A pesar de todo, a veces nos encontramos con temas que no desarrolla, por
prudencia: «No es para carta... Se lo diré cuando nos veamos, porque no son
cosas para escribirlas». Afortunadamente, varios de sus colaboradores más
directos, como Jerónimo de la Madre de Dios (Gracián),
Julián de Ávila, Ana de Jesús (Lobera), Ana de san Bartolomé (García), María
de san José (Salazar)..., siguiendo su ejemplo, pusieron por escrito sus
relaciones con santa Teresa, los viajes y fundaciones que compartieron, así
como las enseñanzas que de ella recibieron. Todos esos libros son un precioso
complemento a los escritos de la Santa. Yo, que soy mujer flaca y ruin En el siglo XVI, el mundo de la enseñanza estaba
reservado exclusivamente a los «letrados». San Ignacio de Loyola cuenta en su
Autobiografía que, después de su conversión, le gustaba hablar de Dios a la
gente. Mientras era estudiante en Alcalá, la Inquisición le hizo proceso y el
vicario le encerró cuarenta y dos días en prisión «sin que le examinasen si
supiese la causa [...] Finalmente vino a la cárcel y le examinó de muchas
cosas, hasta preguntarle si hacía guardar el sábado. Le declaró inocente pero
le ordenó que no hablase de cosas de la fe hasta que hubiese estudiado más,
pues no sabía letras» (nn. 61 y 62). Era tal la
obsesión que había con los cristianos nuevos, que hasta a un cristiano viejo
de procedencia indudable le preguntan si hacía guardar el sábado, el día
sagrado de los judíos. No le pueden culpar de nada, pero igualmente le
prohíben que hable de cosas de la fe, hasta que haya completado sus estudios.
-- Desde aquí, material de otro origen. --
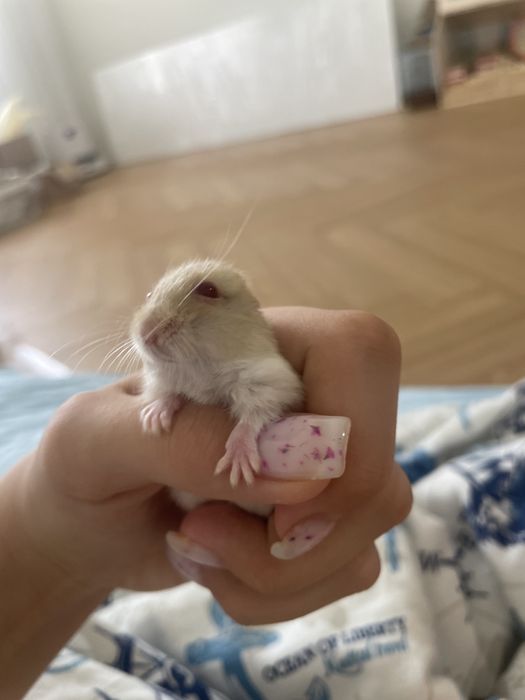 Хомяк джунгарик маленький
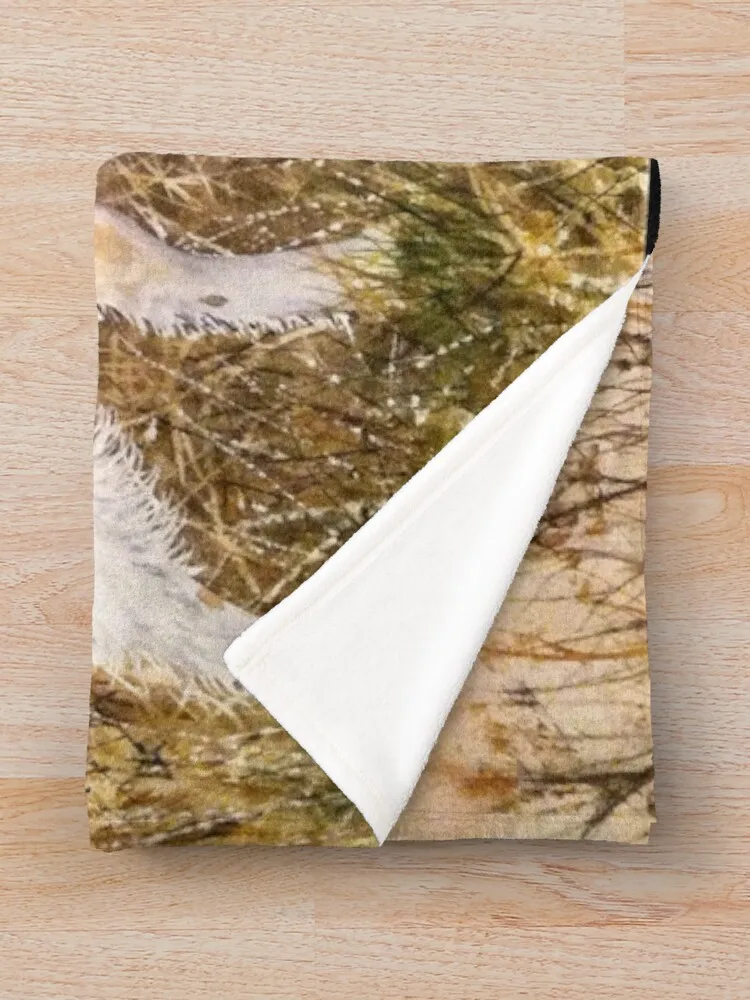 �긮Ÿ�� ���дϾ� ���ο� ���, ǫ���� ħ�� ����, ���Ÿ� ���� ���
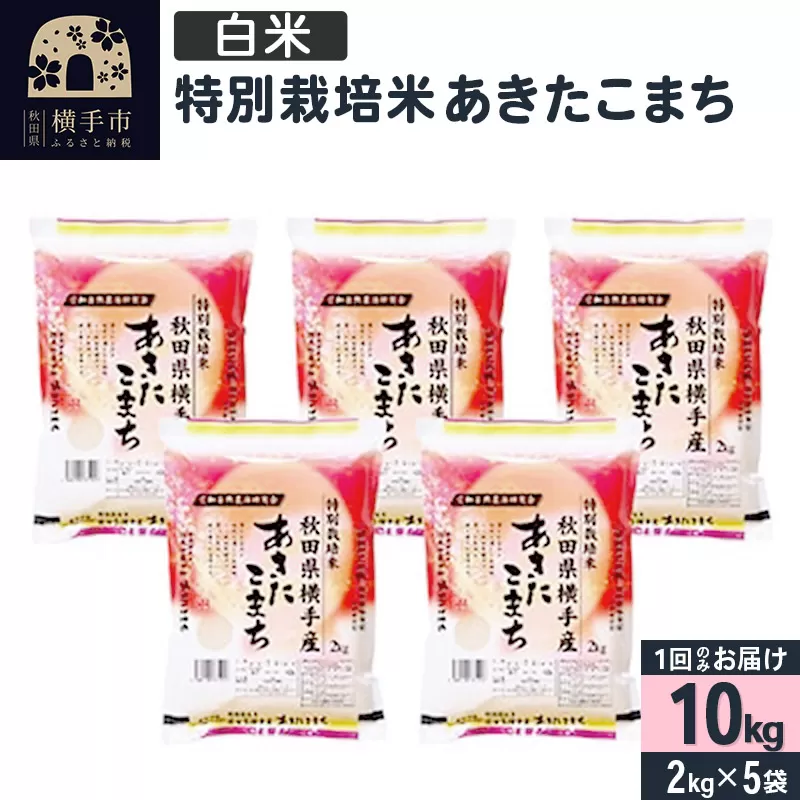 【白米】令和6年産 特別栽培米 あきたこまち 10kg（2kg×5袋） 横手市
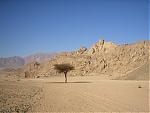     
:  018_thumb.jpg
: 56
:	139.2 
ID:	75452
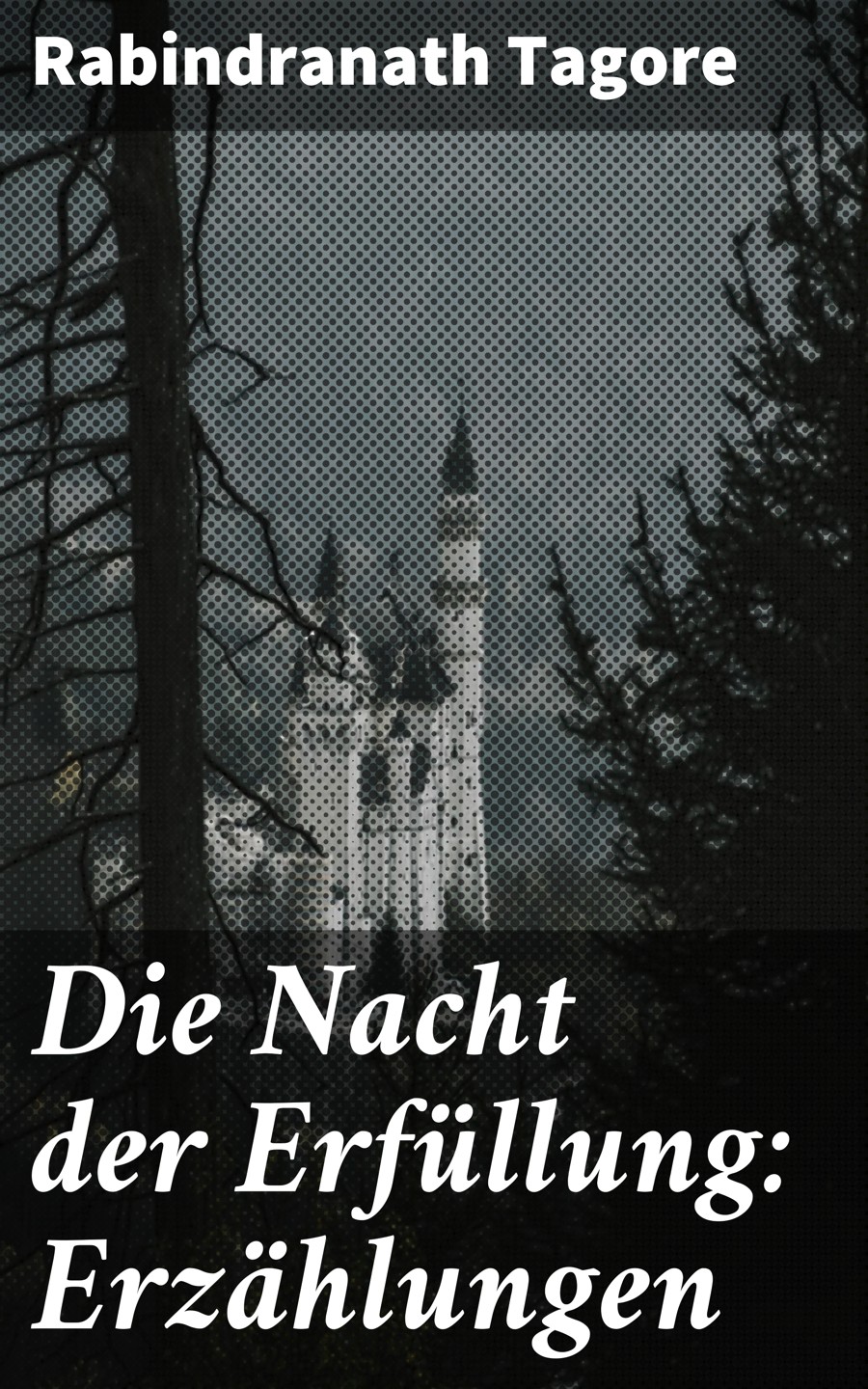 Обложка книги «Die Nacht der Erfüllung: Erzählungen»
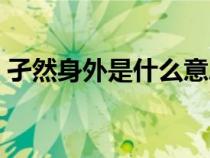 孑然身外是什么意思（孑然一身是什么意思）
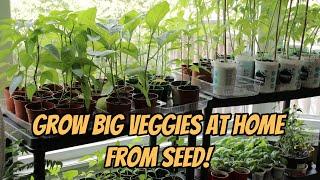 Planting vegetables at home for beginners | Zone 5B
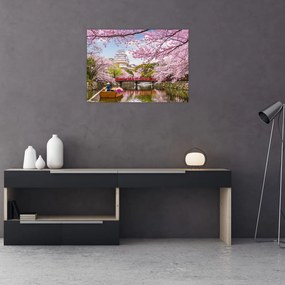 Obraz japonskej čerešne (70x50 cm)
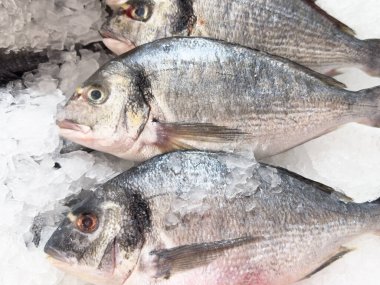 Marketteki tezgahın üstünde buz içinde taze çiğ dorado balığı. Balık pazarında buzda taze dorado balığı.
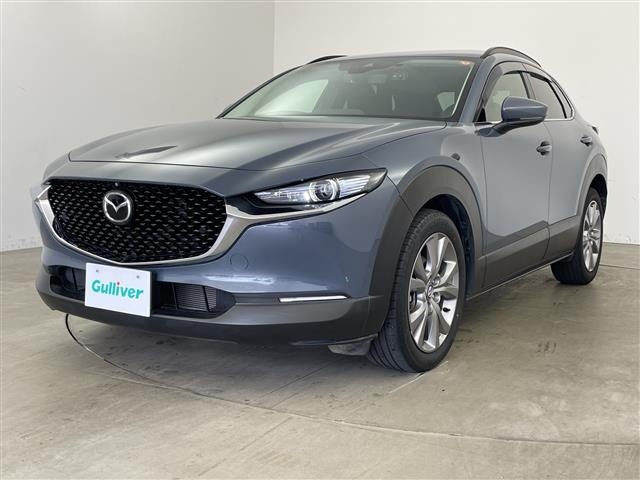 Mazda CX-30 2021 8063661-15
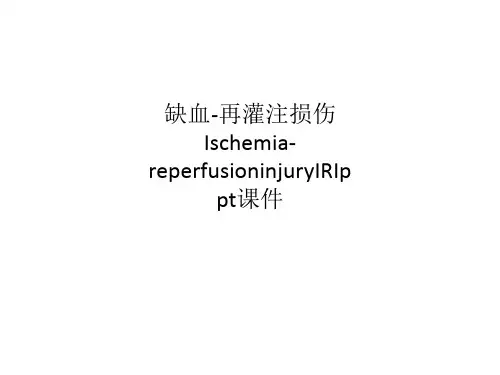 缺血-再灌注损伤Ischemia-reperfusioninjuryIRIppt课件
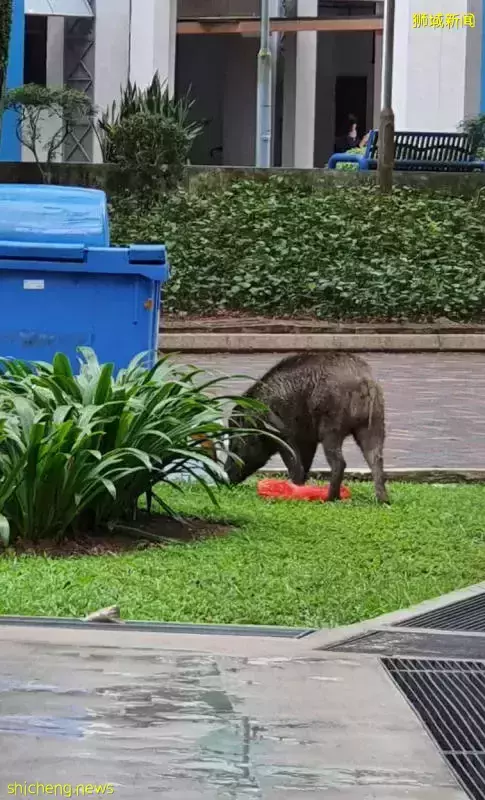 野猪溜出公园 闯组屋区觅食“闲逛”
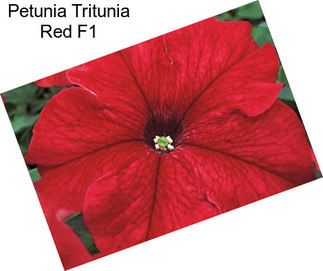 Petunia Tritunia Red F1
De Alcalá se mudó a Salamanca, donde lo vuelven a encarcelar, esta vez
encadenado, por los mismos motivos. Allí «fue llamado delante de cuatro
jueces y le preguntaron muchas cosas sobre la Trinidad y la Eucaristía y
cosas de cánones [...] y a los veintidós días que estaba preso le llamaron
para oír la sentencia, la cual era que no se hallaba ningún error ni en su
vida ni en su doctrina, y así podía enseñar la doctrina y hablar cosas de
Dios, con tal que nunca definiese lo que es pecado mortal ni venial, sino
después de cuatro años de estudios más» (nn.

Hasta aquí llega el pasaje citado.